AI Brokers Are Horrible Freelance Staff

By Khalid Nasir
October 29, 2025

Even the greatest artificial intelligence agents are pretty hopeless at on-line freelance work, in accordance to an experiment that challenges the thought of AI changing workplace employees en masse.

The Distant Labor Index, a brand new benchmark developed by researchers at information annotation firm Scale AI and the Middle for AI Security (CAIS), a nonprofit, measures the potential of frontier AI fashions to automate economically beneficial work.

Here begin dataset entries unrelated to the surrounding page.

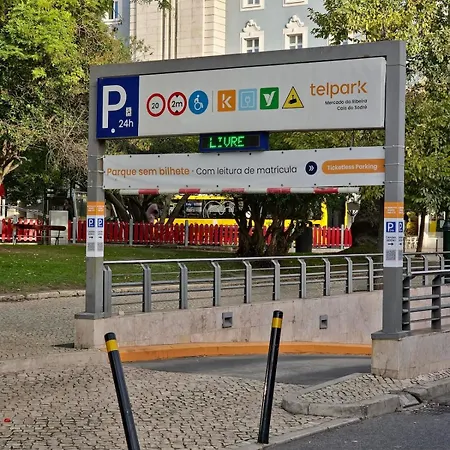 Modern I Roof View * Lisboa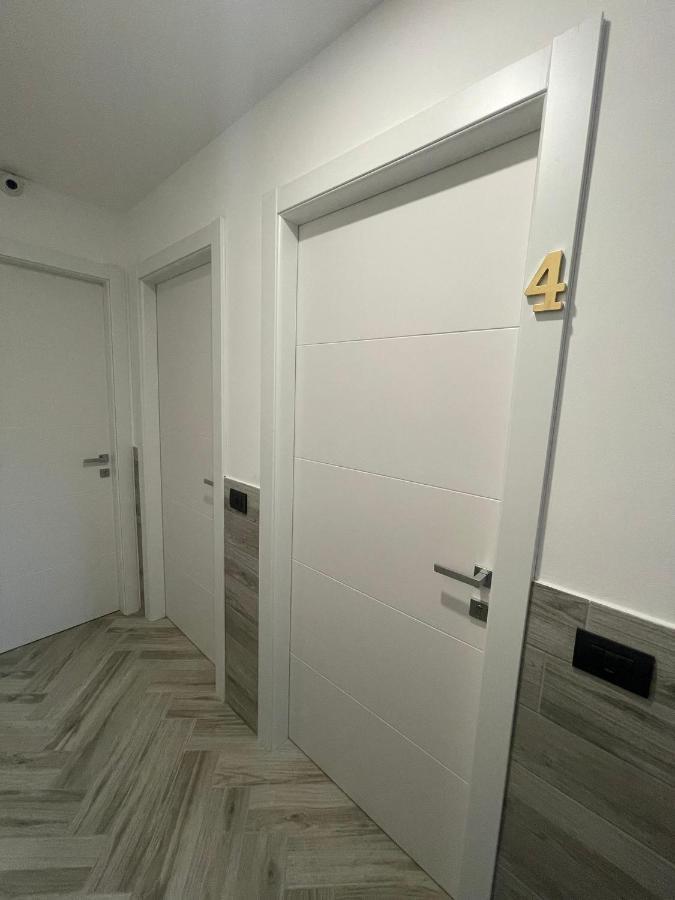 Holiday Rooms רו מראה חיצוני תמונה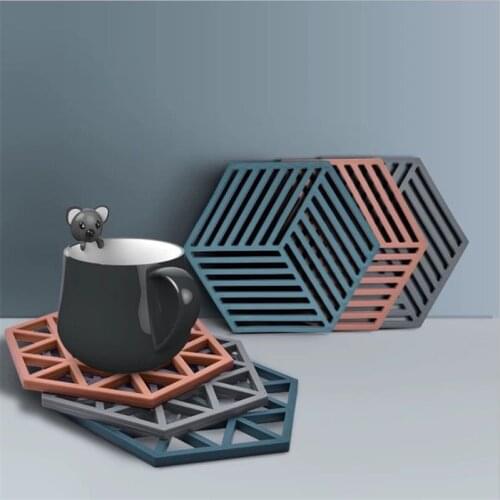 1Pcs New Silicone Tableware Insulation Mat Coaster Cup Hexagon Mats Pad Heat-insulated Bowl Placemat Home Decor Desktop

The researchers gave a number of main AI brokers a spread of simulated freelance work and located that even the greatest might carry out lower than 3 % of the work, incomes $1,810 out of a doable $143,991. The researchers checked out a number of instruments and located the most succesful to be Manus from a Chinese language startup of the identical title, adopted by Grok from xAI, Claude from Anthropic, ChatGPT from OpenAI, and Gemini from Google.

“I ought to hope this offers far more correct impressions as to what is going on on with AI capabilities,” says Dan Hendrycks, director of CAIS. He provides that whereas some brokers have improved considerably over the previous 12 months or so, that does not imply that this may proceed at the identical charge.

Spectacular AI advances have led to hypothesis about AI quickly surpassing human intelligence and changing huge numbers of employees. In March, Dario Amodei, CEO of Anthropic, recommended that 90 % of coding work would be automated inside a matter of months.

Earlier waves of AI have impressed misplaced predictions about job displacement, for instance regarding the imminent replacement of radiologists with AI algorithms.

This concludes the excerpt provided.